23.      Chapter VI concerns the special scheme in Article 26c of the Sixth VAT Directive for non-established taxable persons who provide electronic services to non-taxable persons. Inter alia, Regulation No 1798/2003 reiterates in Articles 29 and 30 the duty already imposed on the non-established taxable person in Article 26c of the Sixth VAT Directive to submit in electronic form the declaration concerning the taking up of activity as well as the tax return, provides for a procedure for determining technical details and makes provision for the information so obtained to be forwarded to the competent authorities of the other Member States.

24.      Chapter VII governs cooperation with the Commission for the purposes of statistical compilation and evaluation of the effectiveness of the mechanisms provided for in the regulation. Chapter VIII determines the manner in which information from non-Member States is to be dealt with.

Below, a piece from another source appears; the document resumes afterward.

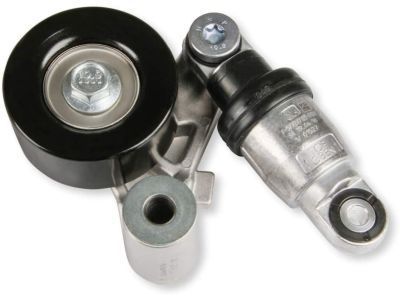GM, GM 12669076 Tensioner Assembly - Drive Belt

25.      Chapter IX lays down the general conditions concerning exchange of information and sets out in Article 40 certain grounds on which the transmission of information may be refused.

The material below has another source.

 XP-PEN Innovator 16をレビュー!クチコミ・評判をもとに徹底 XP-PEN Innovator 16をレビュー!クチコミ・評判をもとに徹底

26.      Article 40 provides in so far as relevant:

‘…

2. This Regulation shall impose no obligation to have enquiries carried out or to provide information if the laws or administrative practices of the Member State which would have to supply the information do not authorise the Member State to carry out those enquiries or collect or use that information for that Member State’s own purposes.

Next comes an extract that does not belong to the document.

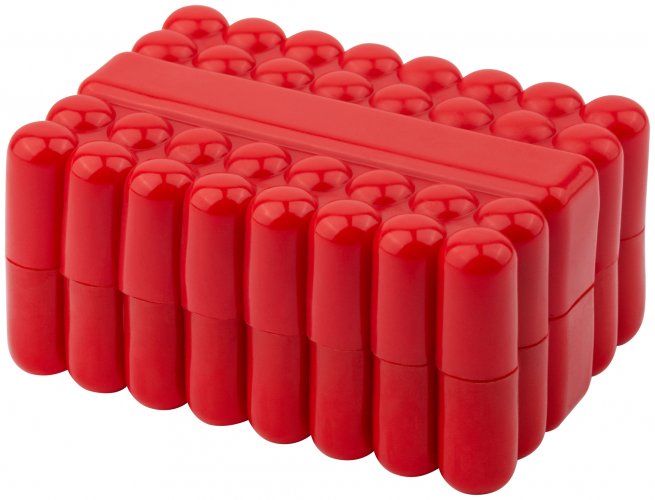 Набор бит 33 шт. CrV FIT 57855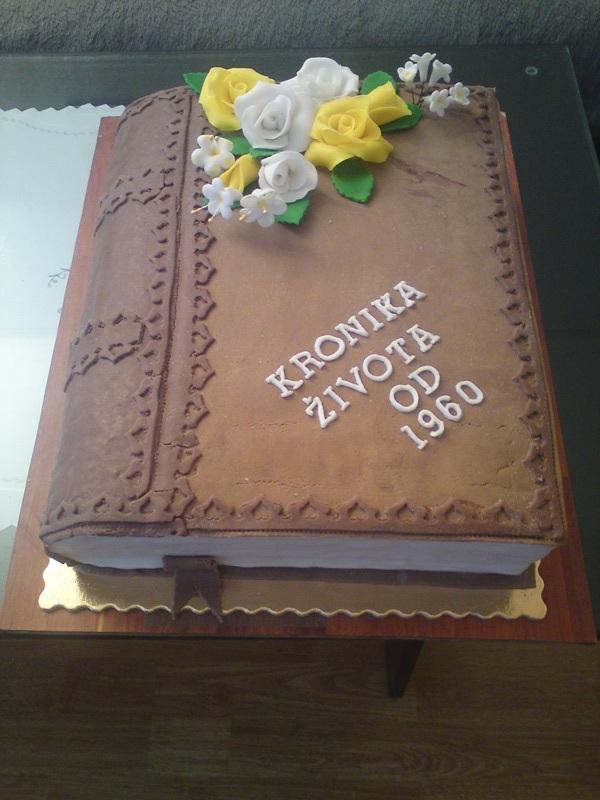 Na50-tku, torta, Narodeninové torty Na50-tku, torta, Narodeninové torty, Lýdia Cigániková, 1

3. The competent authority of a Member State may refuse to provide information where the Member State concerned is unable, for legal reasons, to provide similar information. The Commission shall be informed of the grounds of the refusal by the requested Member State.

4. The provision of information may be refused where it would lead to the disclosure of a commercial, industrial or professional secret or of a commercial process, or of information whose disclosure would be contrary to public policy.

…’

27.      Article 41 goes on to indicate aspects relating to data protection which are to be observed. Finally, Chapter X contains certain general provisions and final provisions.

C –    Content of Directive 2003/93

28.      The first and third recitals in the preamble to the directive read:

‘(1) In order to combat value added tax (VAT) evasion it is necessary to strengthen cooperation between tax administrations within the Community and between the latter and the Commission in accordance with common principles.’

‘(3) The scope of mutual assistance laid down by Directive 77/799/EEC must be extended to taxation of the insurance premiums referred to in Directive 76/308/EEC so as to better protect the financial interests of the Member States and the neutrality of the internal market.’

29.      Article 1(1) and (2) of the directive then set out the changes to Directive 77/799 in order to extend its scope to the taxation of insurance premiums.

30.      Further, Article 1(3) effectuates a drafting amendment to the secrecy provisions in Directive 77/799 and adds a new subparagraph.

31.      The second subparagraph of Article 1(3) reads:

‘In addition, Member States may provide for the information referred to in the first subparagraph to be used for assessment of other levies, duties and taxes covered by Article 2 of Directive 76/308/EEC.’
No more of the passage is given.